# [Task instructions]
Repeat exactly the lines of the material below that run from the "Style 1750 Sewing" line to the "secondary bedroom: For" line, including both, and do not carry over any pictures.

# [Supplied records]
•••
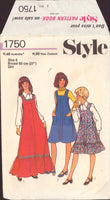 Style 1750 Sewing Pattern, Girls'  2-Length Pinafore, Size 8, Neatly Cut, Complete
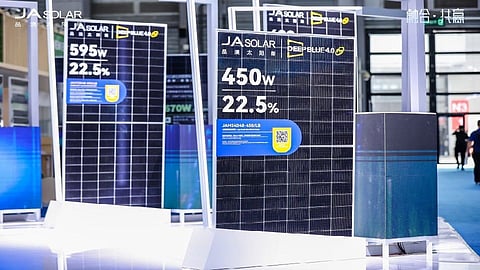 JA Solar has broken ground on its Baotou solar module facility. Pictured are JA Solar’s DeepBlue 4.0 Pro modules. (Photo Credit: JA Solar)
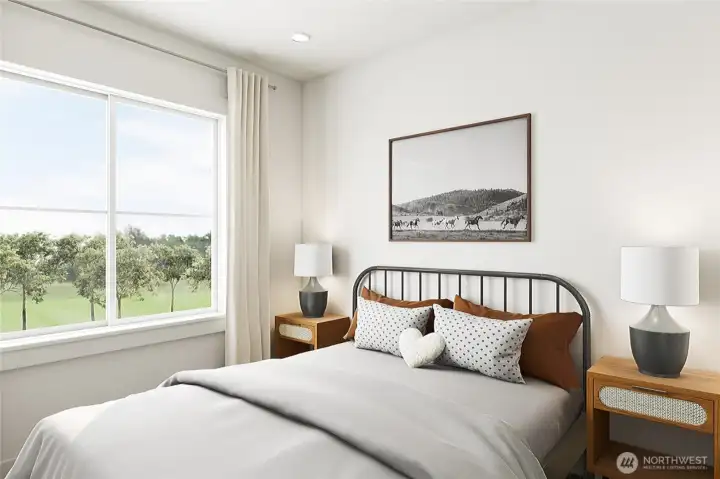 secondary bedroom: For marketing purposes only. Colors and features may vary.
•••
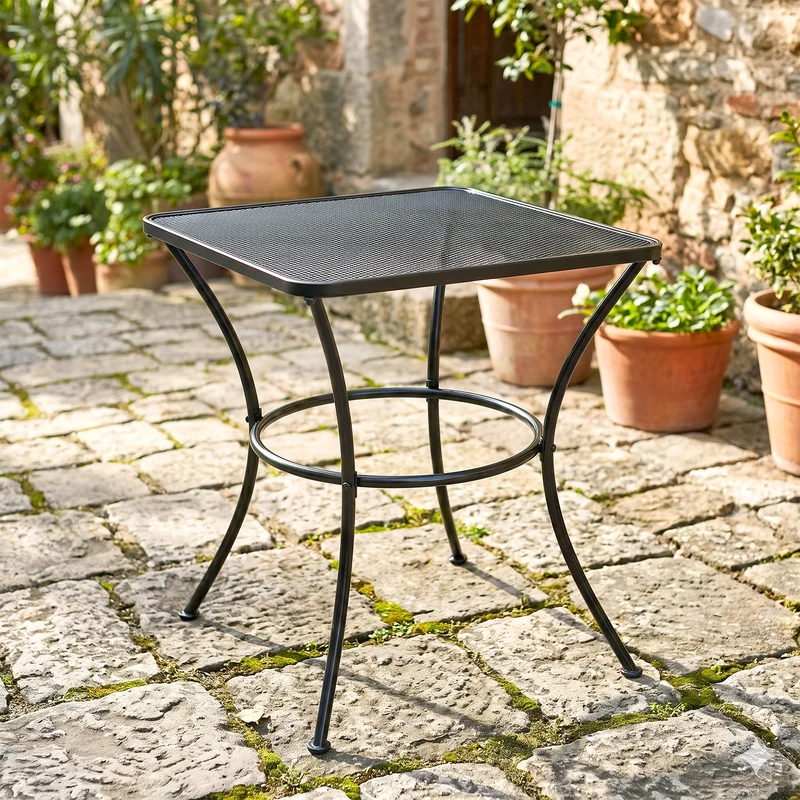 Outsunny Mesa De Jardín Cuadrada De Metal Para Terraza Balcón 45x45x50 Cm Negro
•••
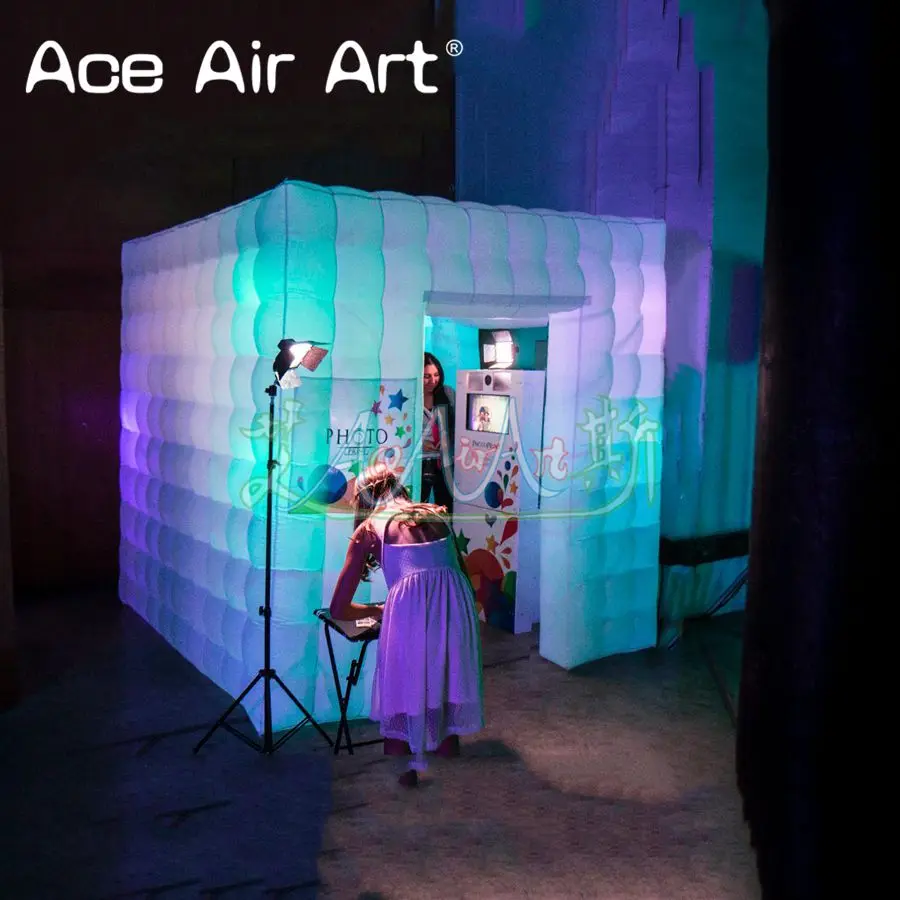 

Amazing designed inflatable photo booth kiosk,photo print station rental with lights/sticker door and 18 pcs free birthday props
•••
# [Response to the exercise]
 Style 1750 Sewing Pattern, Girls'  2-Length Pinafore, Size 8, Neatly Cut, Complete
 JA Solar has broken ground on its Baotou solar module facility. Pictured are JA Solar’s DeepBlue 4.0 Pro modules. (Photo Credit: JA Solar)
 secondary bedroom: For marketing purposes only. Colors and features may vary.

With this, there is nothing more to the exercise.